- Problem:
Leave out the pictures, and quote exactly the lines running from the one with "woman wearing ceramic earring hanger" through the last line of the entries below.

- Entries supplied:
-- Opening Marker --

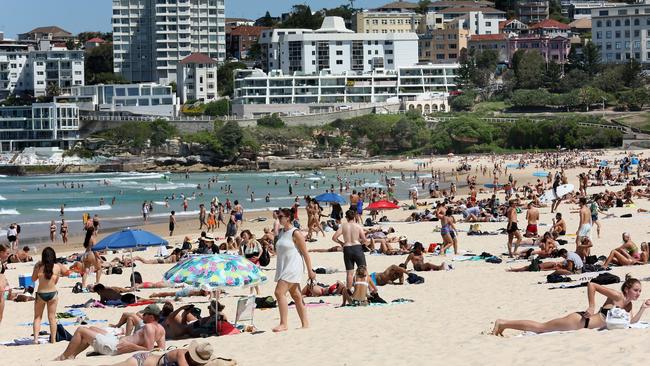 Thousands of beachgoers of all ages flocked to Bondi on Friday before it was closed on Saturday. Picture: AAP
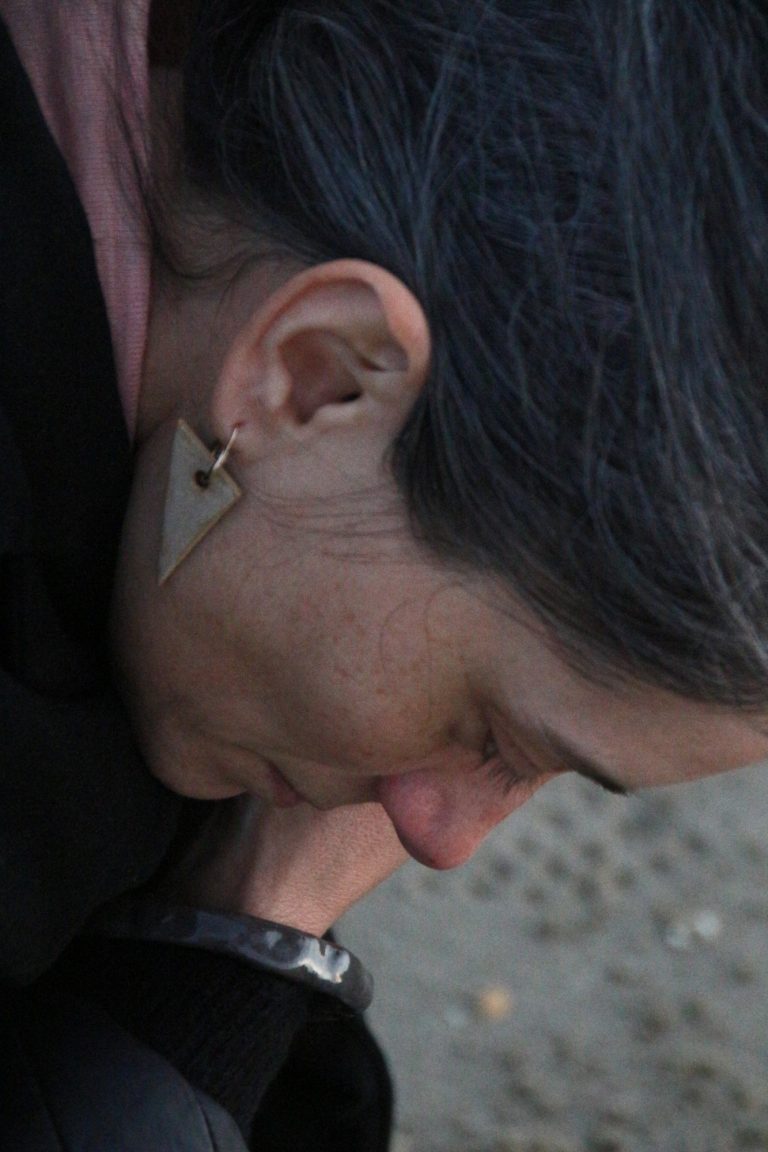 woman wearing ceramic earring hanger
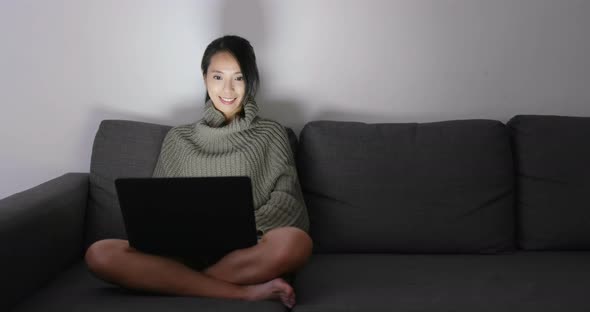 Woman working on laptop computer at night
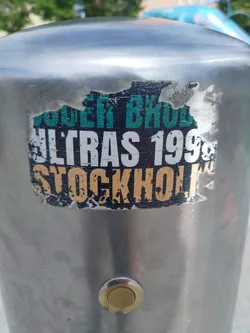 A worn sticker on a metal pole. The sticker features the text 'Ultras 1999 Stockholm' in a distressed style with some parts of the text missing or damaged. The colors are mainly black, white, teal, and gold.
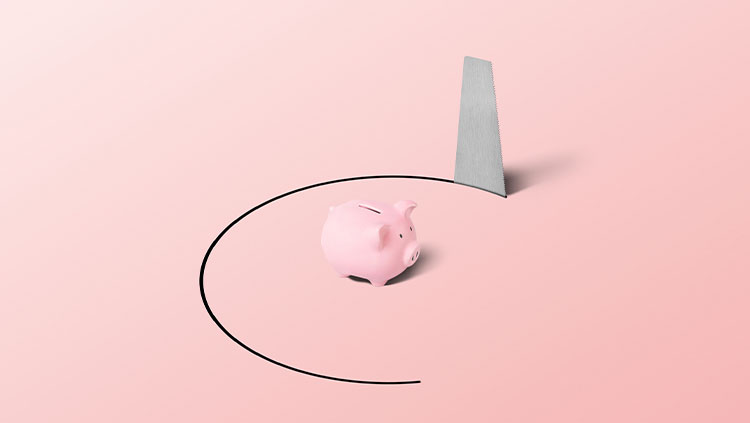 Saw cutting around pink piggy bank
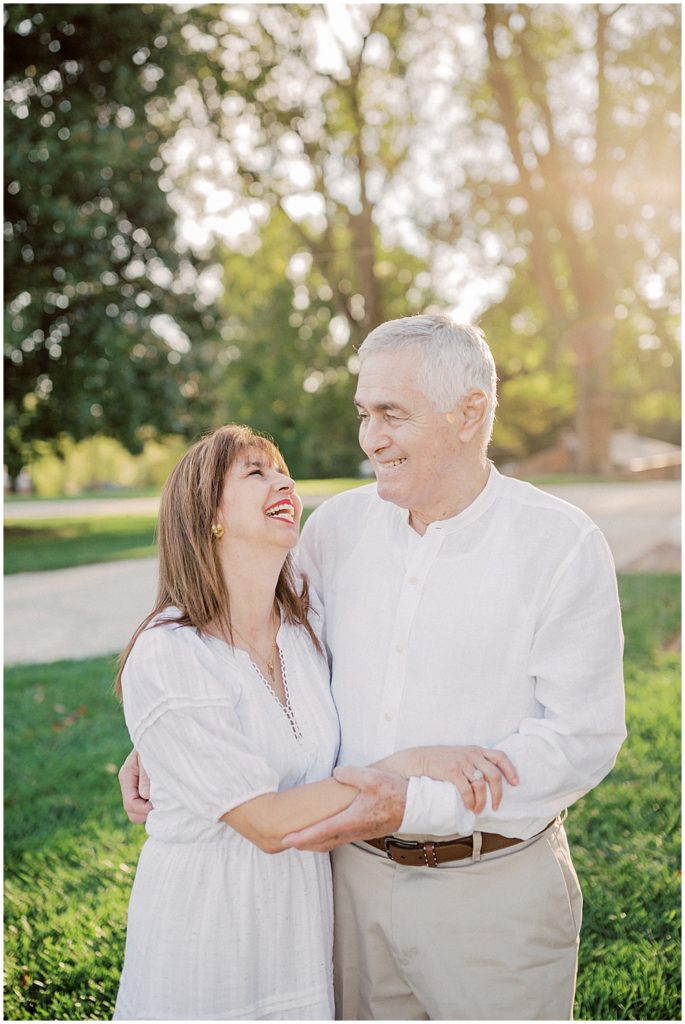 Couple in their 60's laugh at one another during outdoor photo session at Oatlands.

-- Closing Marker --

- Solution below:
 woman wearing ceramic earring hanger
 Woman working on laptop computer at night
 A worn sticker on a metal pole. The sticker features the text 'Ultras 1999 Stockholm' in a distressed style with some parts of the text missing or damaged. The colors are mainly black, white, teal, and gold.
 Saw cutting around pink piggy bank
 Couple in their 60's laugh at one another during outdoor photo session at Oatlands.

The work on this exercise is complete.